Para la comunidad este hecho comporta, por un lado, la preocupación de acoger y valorar en su seno la presencia y los servicios que los hermanos y hermanas ancianos pueden ofrecer; y, por otro, la atención que se ha de poner en procurar, fraternalmente y según el estilo de vida consagrada, los medios de asistencia espiritual y material que los ancianos necesitan.
La presencia de personas ancianas en las comunidades puede ser muy positiva. Un religioso anciano que no se deja vencer por los achaques y por los límites de la edad, sino que mantiene viva la alegría, el amor y la esperanza, es un apoyo de valor incalculable para los jóvenes. Su testimonio, sabiduría y oración constituyen un estímulo permanente en su camino espiritual y apostólico. Por otra parte, un religioso que se preocupa de sus hermanos ancianos ofrece credibilidad evangélica a su instituto como "verdadera familia reunida en el nombre del Señor".
Es oportuno que también las personas consagradas se preparen desde mucho antes a saber envejecer y a prolongar el tiempo "activo", aprendiendo a descubrir su nuevo modo de construir comunidad y de colaborar en la misión común, a través de la capacidad de responder positivamente a los desafíos del propio envejecimiento, con interés espiritual y cultural, con la oración y trabajando mientras puedan prestar su servicio, aunque sea limitado. Los Superiores organicen cursos y encuentros en orden a una preparación personal y a una valorización, lo más prolongada posible, en los normales ambientes de trabajo.

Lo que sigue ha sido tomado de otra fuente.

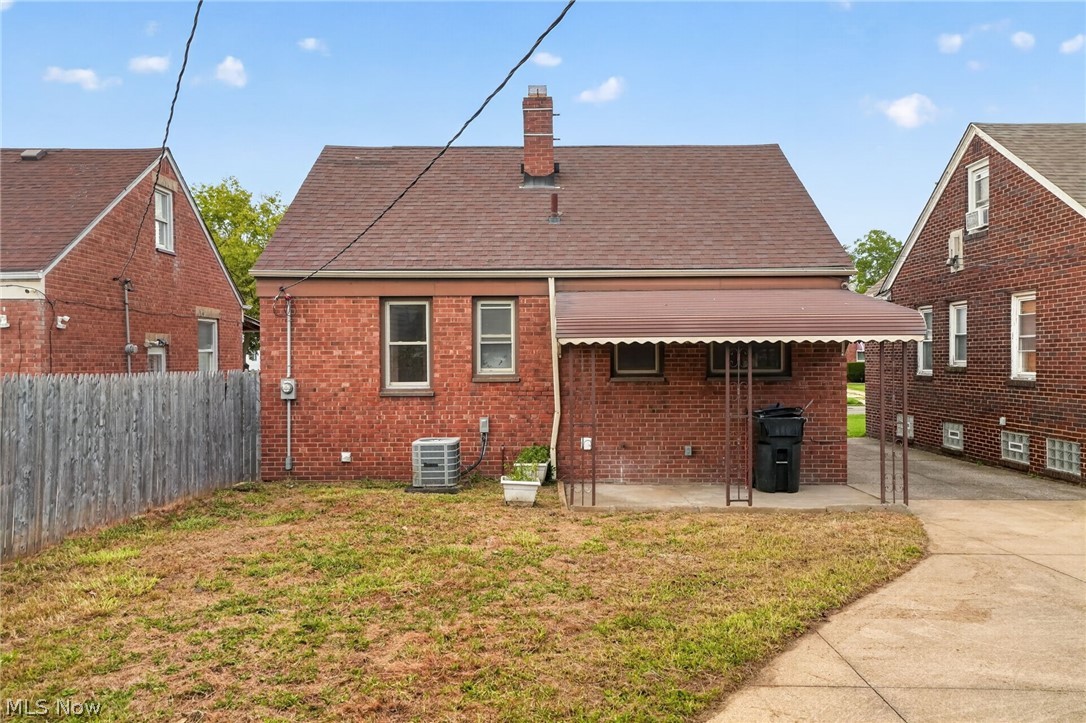 13517 Saint James Avenue Cleveland OH 44135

En el caso de que estas personas lleguen a no valerse por sí mismas, o tuvieran necesidad de cuidados especiales, aun cuando el cuidado sanitario lo presten los seglares, el instituto deberá procurar, con gran esmero, animarlas para que las personas se sientan presentes en la vida del instituto, partícipes de su misión, comprometidas en su dinamismo apostólico, alentadas en la soledad, animadas en el sufrimiento. Estas personas, en efecto, no sólo no abandonan la misión, sino que están en su mismo corazón y en ella participan de una forma nueva y más eficaz.
Su fecundidad, aunque invisible, no es inferior a la de las comunidades más activas. Más aún, éstas reciben fuerza y fecundidad de la oración, del sufrimiento y de la aparente inutilidad de aquellas. La misión tiene necesidad de ambas, y los frutos se manifestarán cuando venga el Señor en la gloria con sus ángeles.